Antiziganismus und Gesellschaft. Soziale Arbeit mit Roma und Sinti aus kritisch-theoretischer Perspektive
Von Ingolf Seidel
Antiziganismus scheint, ebenso wie Antisemitismus, ein beständiges Ressentiment zu sein, dass sich in Worten, Gewalttaten und in Form von institutioneller Diskriminierung immer wieder Bahn bricht. Im Vergleich mit der Antisemitismusforschung ist die Erforschung von Antiziganismus noch ein junger Forschungszweig. Gemeinsam ist beiden Ideologien, dass sie in ihrer modernen Form in der Aufklärung, also im Aufkommen der nationalstaatlichen Verfassung der bürgerlichen Gesellschaft und ihrem Verständnis von Arbeit, fußen.

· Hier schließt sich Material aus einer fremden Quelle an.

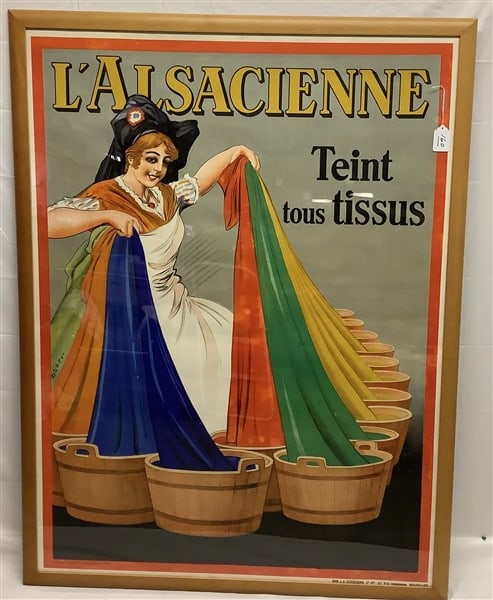 Large French framed Poster - 50" x 66" (1 of 4)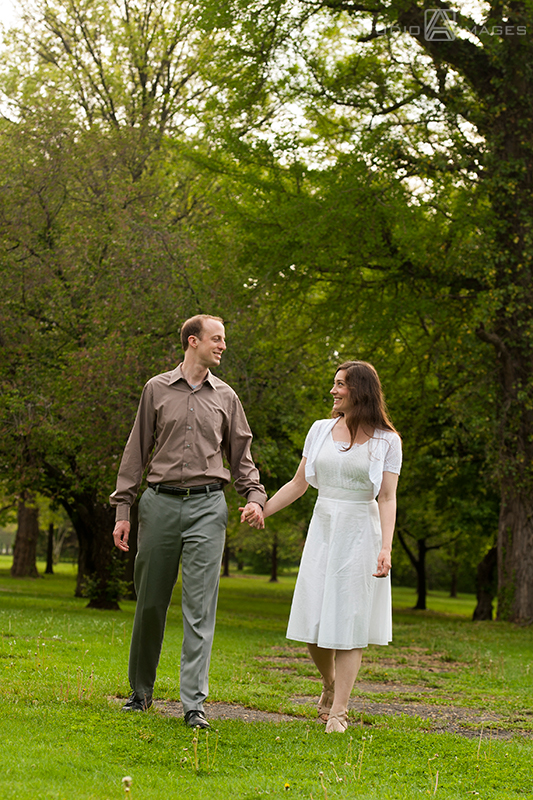 Eleanor + Peter | Fairmount Park Horticulture Center Engagement Photos | Philadelphia Wedding Photographer 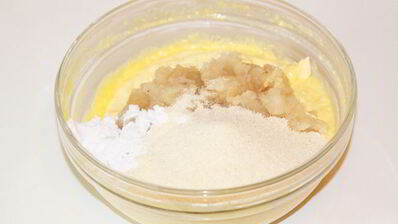 яблочные сырники без муки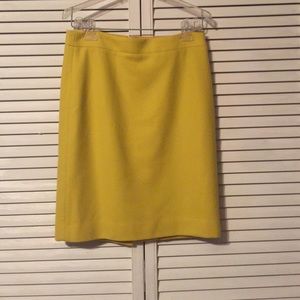 Yellow wool skirt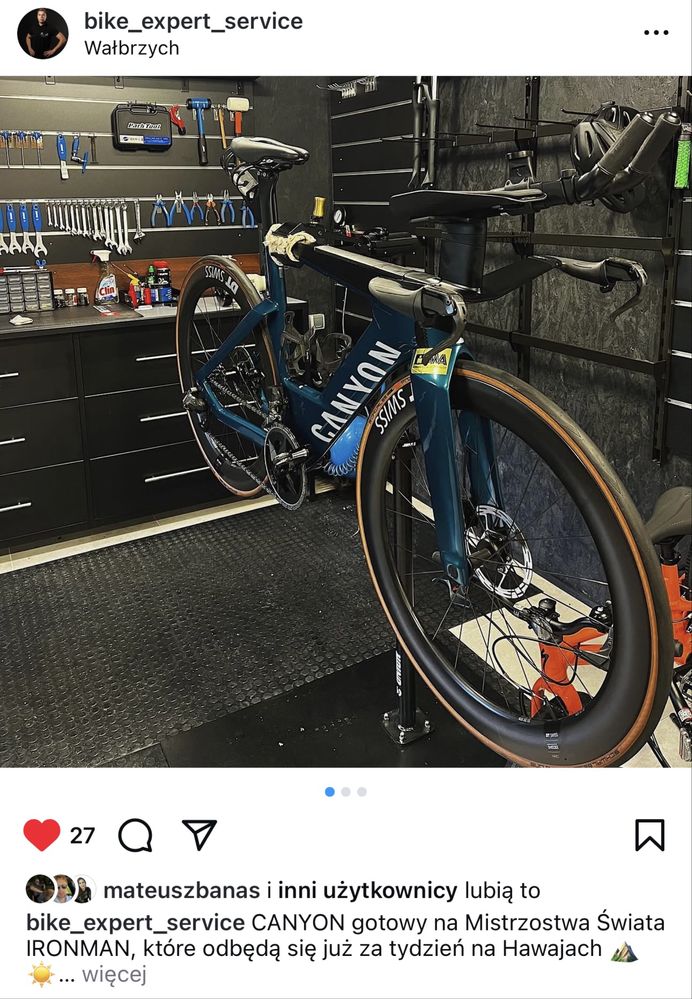 Serwis od mechanika gwiazd kolarstwa z Alpecin Deceuninck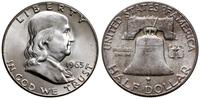 1/2 dolara 1963, Filadelfia, typ Franklin, srebr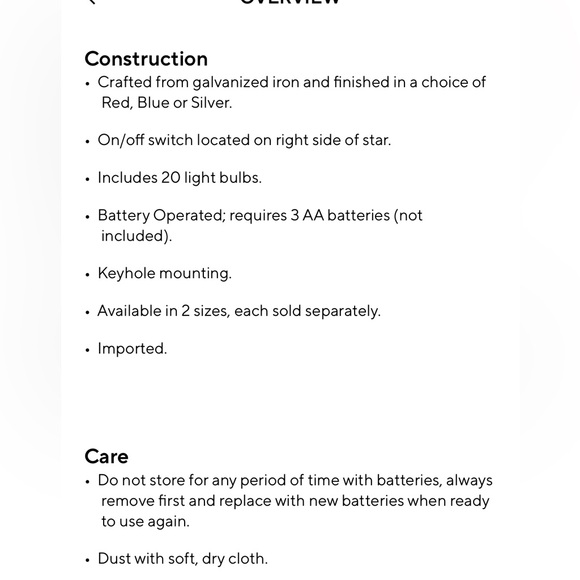 Pottery Barn Galvanized Metal Star Light size small - Picture 2 of 8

André Lohse hat mit seinem Buch „Antiziganismus und Gesellschaft“, basierend auf seiner Promotion in den Erziehungswissenschaften, eine Untersuchung vorgelegt, die sich der antiziganistischen Struktur, aus Sicht der Kritischen Theorie, bzw. der aus ihr hervorgegangenen analytischen Sozialpsychologie, annimmt. Dabei orientiert sich Lohse nicht ausschließlich an den Schriften Max Horkheimers und Theodor Adornos zum autoritären Charakter, sondern zieht in weiten Passagen Herbert Marcuses Überlegungen zum „eindimensionalen Menschen“ in der nachbürgerlichen Gesellschaft heran, die in der Rezeption als wesentlich näher an gesellschaftlichen Praxen gelten, als die Arbeiten der beiden anderen. Die autoritäre Persönlichkeit wie die Kritische Theorie sie analysiert zeichnet sich aus durch eine unreflektierte Bindung an soziale Normen und Werte, die sich in starker und steifer Konventionalität und einem Hang zum Konformismus ausdrückt. Autoritätsgebundene Individuen ordnen sich in der Regel Autoritäten unter, wobei sie ihre eigene, real erfahrene Ohnmacht aggressiv kompensieren. Die Grundlage des kritisch-theoretischen Modells ist also die Herrschaftsinternalisierung der Einzelnen, die gefangen sind in der sadomasochistischen Dialektik von Bemächtigung und Unterwerfung. Darüber hinaus zieht der Autor Michel Foucaults machttheoretische Überlegungen über die Disziplinargesellschaft zur Analyse des gesellschaftlichen Entstehungszusammenhangs von Antiziganismus heran.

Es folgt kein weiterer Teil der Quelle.